2- Rainwater that is flowing cannot be used.
מי גשמים אין מטהרין אלא באשבורן
Rain water does not purify unless it is in an “ashboren”. It needs to be limited to one space (פירוש מקום עמוק שמתכנסים בו המים ונקרא אשבורן) – (that is, a deep place in which water can collect: called ashboren).
3- Thank you to Yankee Teitelbaum who sent this link showing a flash river from rainwater.
Water flowing from a flash flood due to a strong rainfall would not be כשר to use.
4- So what is the issue with using a river? During the rain season or in the spring when the snow begins to melt the river size increases due to the rain water.
So no we have a mixture; rain water with well water.
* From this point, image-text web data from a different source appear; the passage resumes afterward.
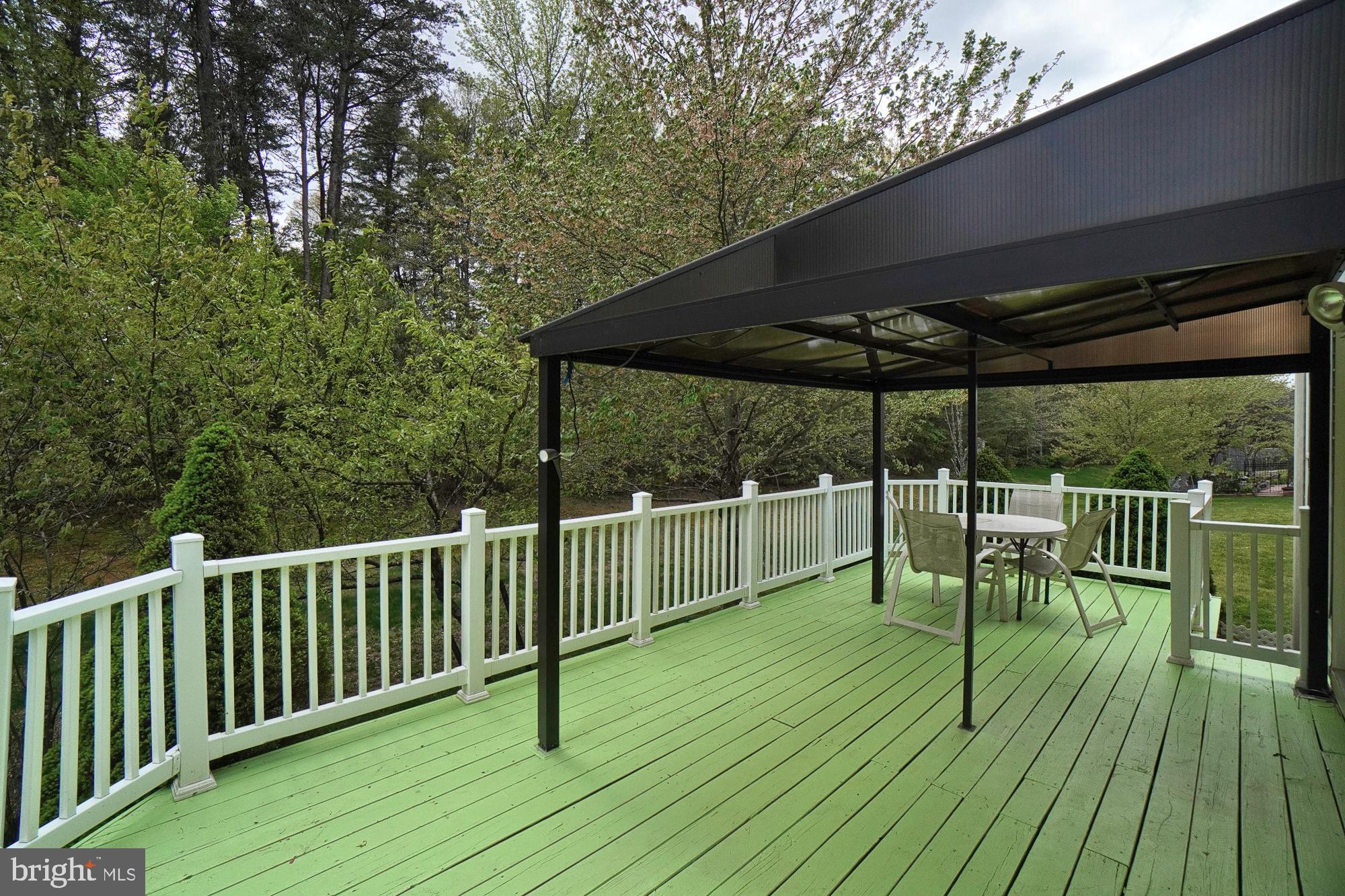 9830 Farm Pond Road Laurel, MD 20708 - Photo 43 of 56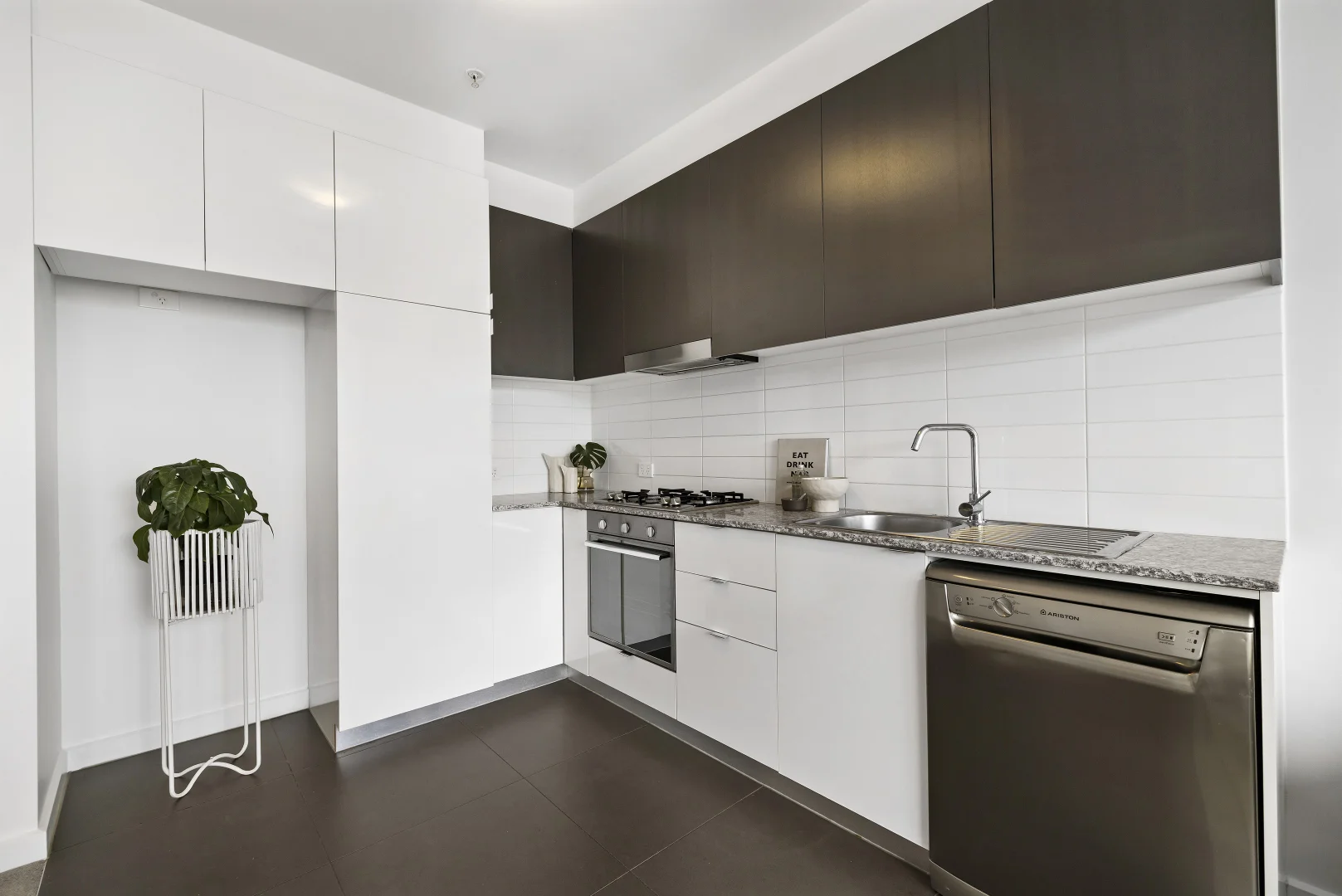 Additional image 8 of 157 Park Road, Cheltenham VIC 3192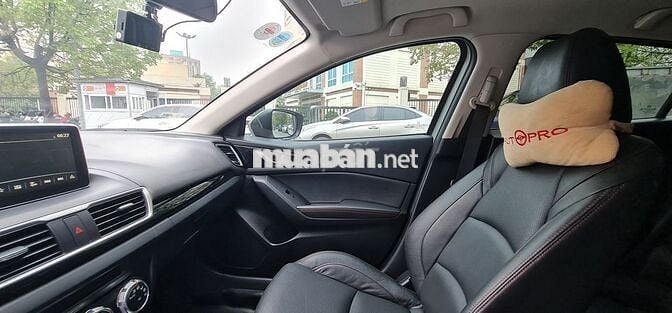 Mazda 3 2016 1.5 AT Hatchback - 103000 km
Thus, when one uses the river is he טובל in the original river/well water (no issue despite the water flowing, as above) or in the newly added rain water (which is not כשר unless it’s stationary in a מקוה).
The problem is if the rain water volume is greater than the original volume of the river.
5- In short- the מחבר – Shulchan Aruch prohibits using a river during the rain season. The Rama says that the Minhag is in many places to use it if there is no other proper mikvah.
אבל יש מתירים לטבול בנהרות כל השנה, אף בשעת הגשמים והפשרת שלגים ורבו הנוטפים על הזוחלין, משום דעיקר גידול הנהר הוא ממקום מקורו (טור בשם ר”ת וב”י בשם רש”י וסה”ת וסמ”ג); –
However, there are those that permit immersing in rivers all year long, even during the rainy season and the times when the snow is melting – and thus the majority is notfim rainwater rather than the flowing spring water, because the main part of the growth of a river is from its original source flowing from a spring. Even though it would ostensibly seem like the rainwater is causing the river to overflow or rise, it is nonetheless considered part of the river water.
וכן נהגו ברוב המקומות במקום שאין מקוה, – and so is the custom in the majority of places that do not have a mikvah to immerse in the river year round, even during the winter months, ואין למחות ביד הנוהגין להקל כי יש להם על מי שיסמוכו – and one should not object to those that have the custom to be lenient because they have whom to rely on. (מהרי”ק ובת”ה שם ומהרי”ו סימן ע’ וב”ז סימן קנ”ד).
5- We read the Sha”ch that quotes the Gemara that the increase in volume of a river during the rain season is primarily from the swelling groundwater. So basically, most of this new water volume is from well sources.